Just a reminder that you can buy the chapter as a printer friendly PDF or the whole book (preferably in former-tree format, despite recent objections to the medium).
Whenever a new Bitcoin transaction is made, Bitcoin nodes use a UTXO set to determine that the coins being spent really exist. This UTXO set is currently several gigabytes in size and continues to grow over time, and there’s no upper limit to how big it can potentially get.
Because Bitcoin nodes perform best if the UTXO set is kept in RAM, and because RAM is a relatively scarce resource for computers, it would benefit a node’s performance if the UTXO set could be stored in a more compact format. This is the promise of Utreexo (Pronounced U Tree X O).
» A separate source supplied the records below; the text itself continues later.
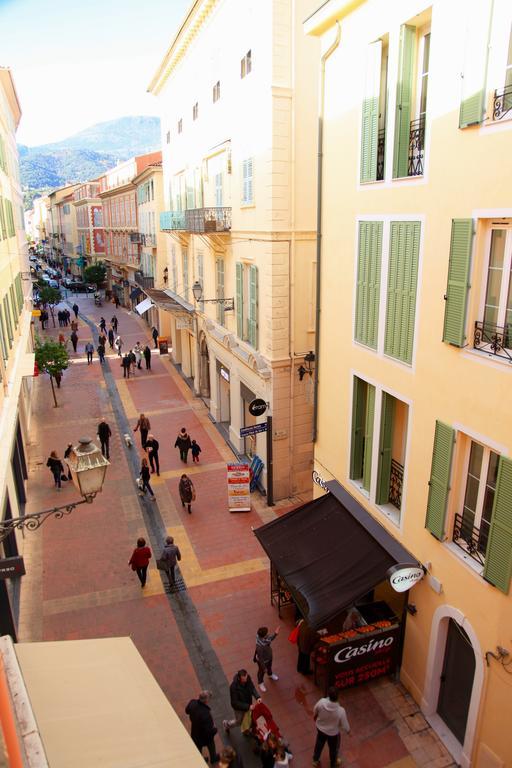 La Pietonne Menton Exterior foto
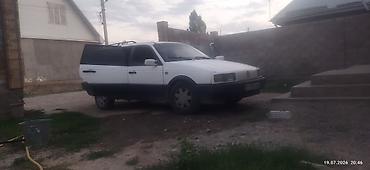 фв 6: Volkswagen Passat: 1990 г., Механика, Дизель, Универсал — 2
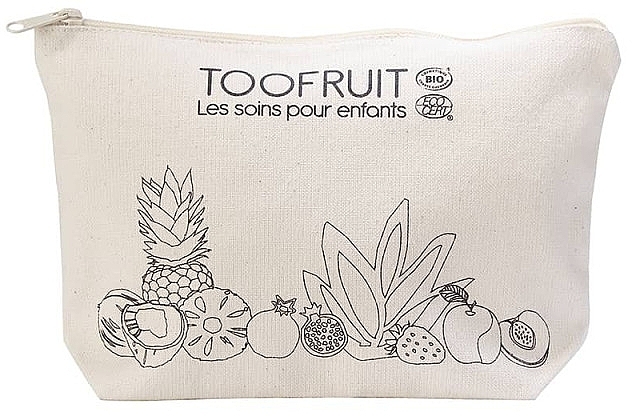 Косметичка из органического хлопка - TooFruit Organic Cotton Children's Cosmetic Bag — фото N1
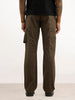 Straight Fit Carpenter Denim | Olive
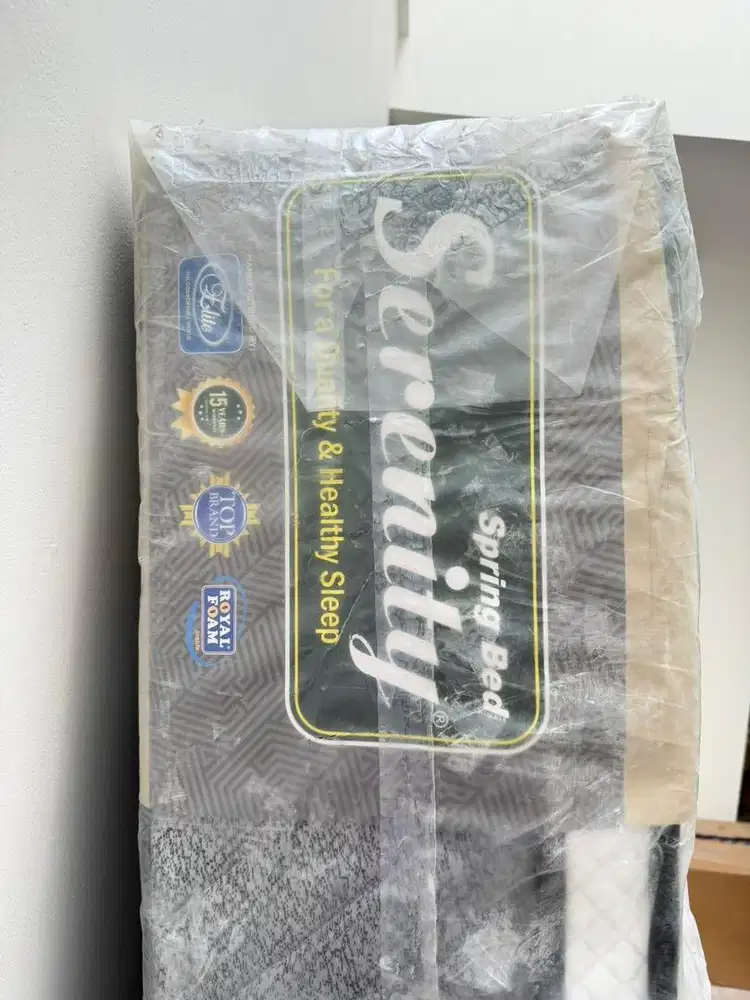 Jual Kasur Spring Bed Baru Serenity 180 x 200. Yang Cepat Yang Untung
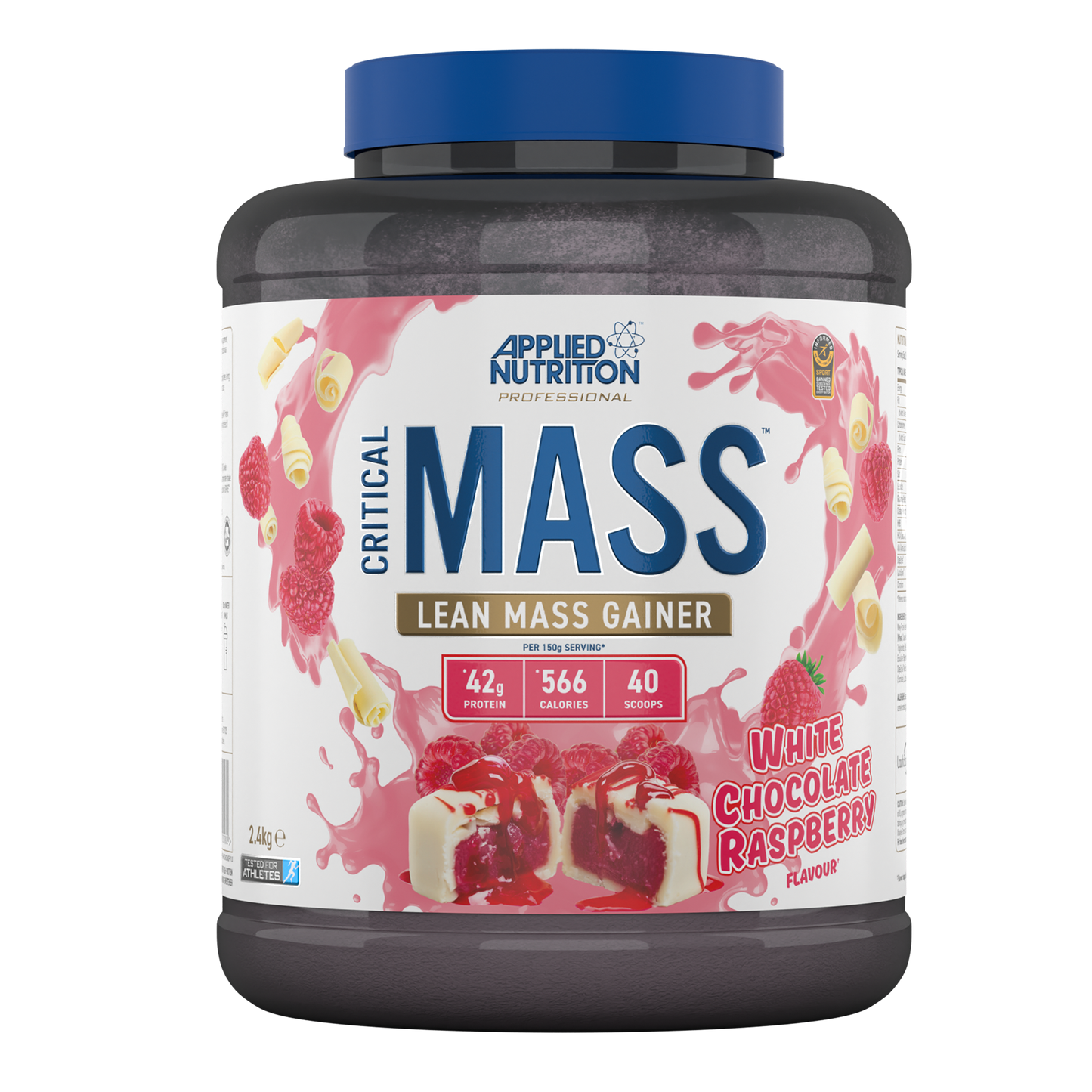 Applied Nutrition Critical Mass Professional 2.4kg White Chocolate Raspberry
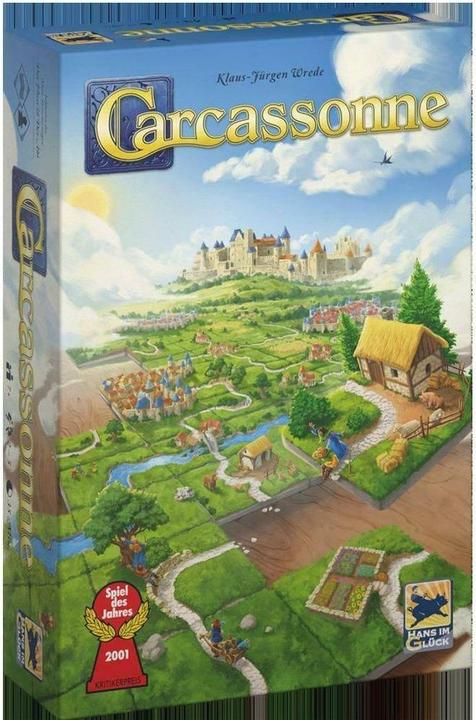 Actual product image Hans im Glück Carcassonne (German)
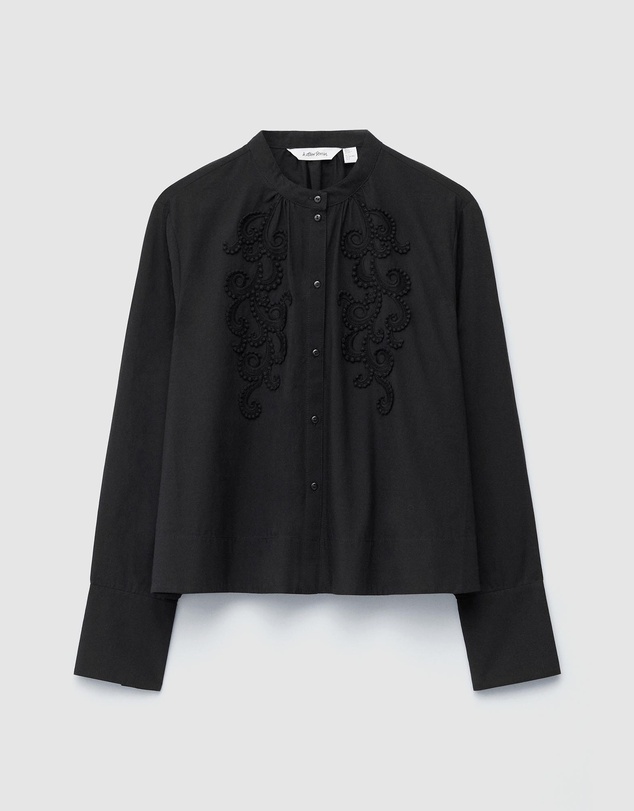 & Other Stories - Cotton Embroidered Blouse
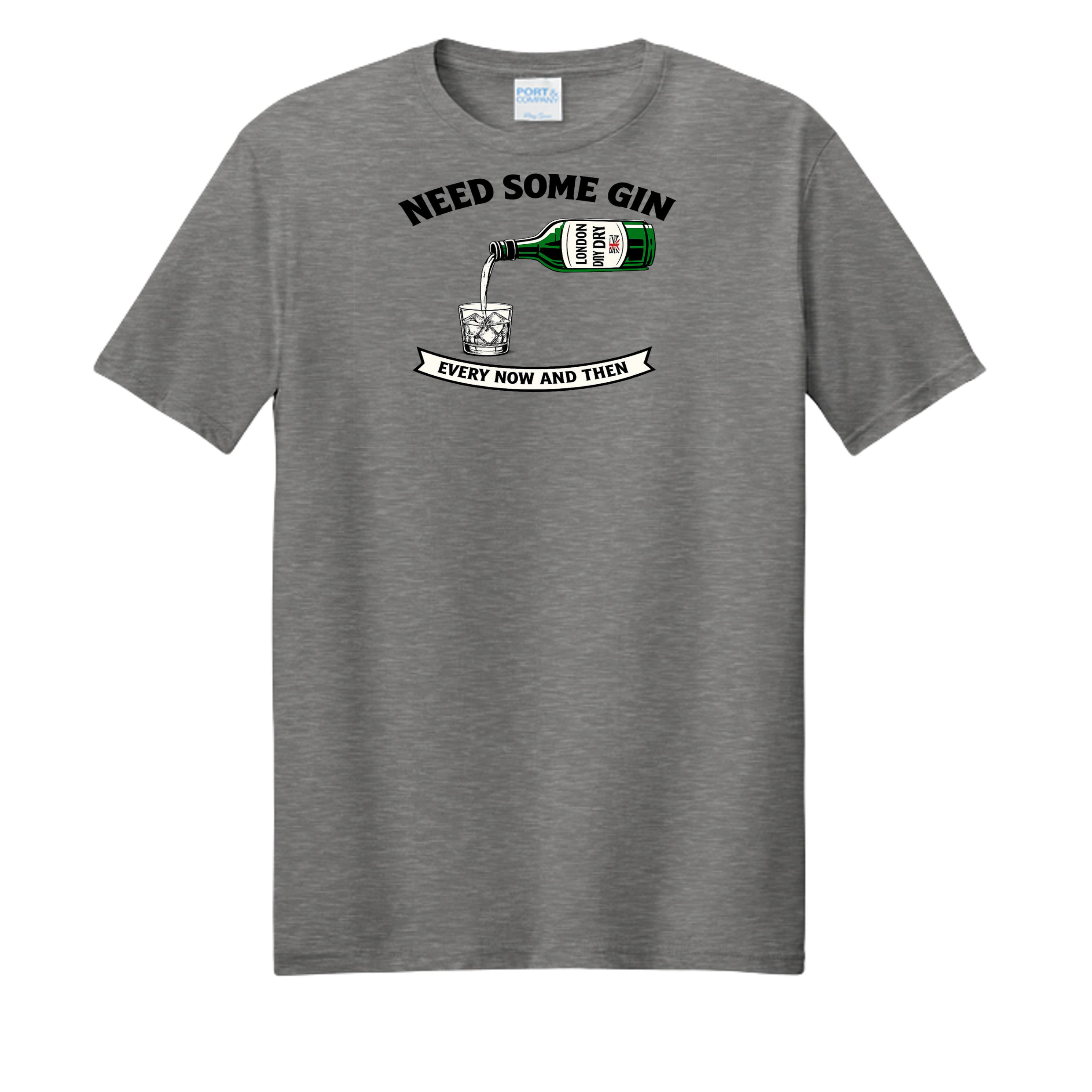 Graphite Heather - PC455 - FRONT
Utreexo would take all the UTXOs in existence and include them in a Merkle tree, which is a data structure consisting only of hashes. This chapter explains how the compact Utreexo structure could suffice in proving that a particular UTXO is included when a new transaction is made. It also covers the potential benefits that could surface if this solution were to be used, along with some of the potential tradeoffs.
When syncing a new Bitcoin node, one of the challenges is the amount of random-access memory (RAM) you have. In general, you don’t need a lot of RAM on your computer, but if you want to sync fast, you do.
The reason this is necessary is due to the UTXO set, which is a list of all coins in existence, including the ones you own. Every time a new block comes in, for every transaction in it, you check that it spends coins that actually exist. You also remember which new coins the transaction created, so that you’re aware of this when it gets spent in a later block. This information is held in a database, and if it’s located on your hard disk, this checking and updating is a slow process. However, if the database is located in your RAM, it’s extremely fast.
The time it take varies, but say you had a newer MacBook Pro with 32GB RAM, and you allowed the node to use half of this; it’d take maybe seven hours to sync the entire chain. However, let’s say you had a Raspberry Pi with only 2GB of RAM and a small hard drive. In this case, it could take several weeks.
There are two bottlenecks. First, your node keeps as much as possible in RAM during sync, but once it fills up this memory, it has to write the UTXO database to disk, clear its memory, and start caching again. The second problem is that if the blockchain doesn’t fit on the hard drive, then your node has to delete old blocks to make room for new ones. A side effect of this is that the coin database in RAM must be written to disk, further slowing down the sync process.
The key point here is that if you can keep more of the UTXO set in RAM, you’ll sync faster. It’d be nice if the size of the UTXO set could be decreased, but that’s not necessarily possible. Of course, if you’re spending more coins than you’re creating, then the number of UTXOs and the RAM usage both go down. However, there’s a lot of junk in the UTXO set, because in the past, people created transactions to multisig addresses that were fake just to e.g. put pictures of Obama in the blockchain. And those are all sitting in your RAM because your node has no idea they’re nonsense.
However, if we expect everybody in the world to eventually use Bitcoin and to have at least one or two UTXOs each, that would take terabytes of RAM, and Moore’s Law isn’t going to catch up to this anytime soon. But even without the entire world using Bitcoin, it could get to the point where fewer and fewer people have enough RAM to sync it quickly, which is a problem. If fewer people run their own node, the system becomes less decentralized.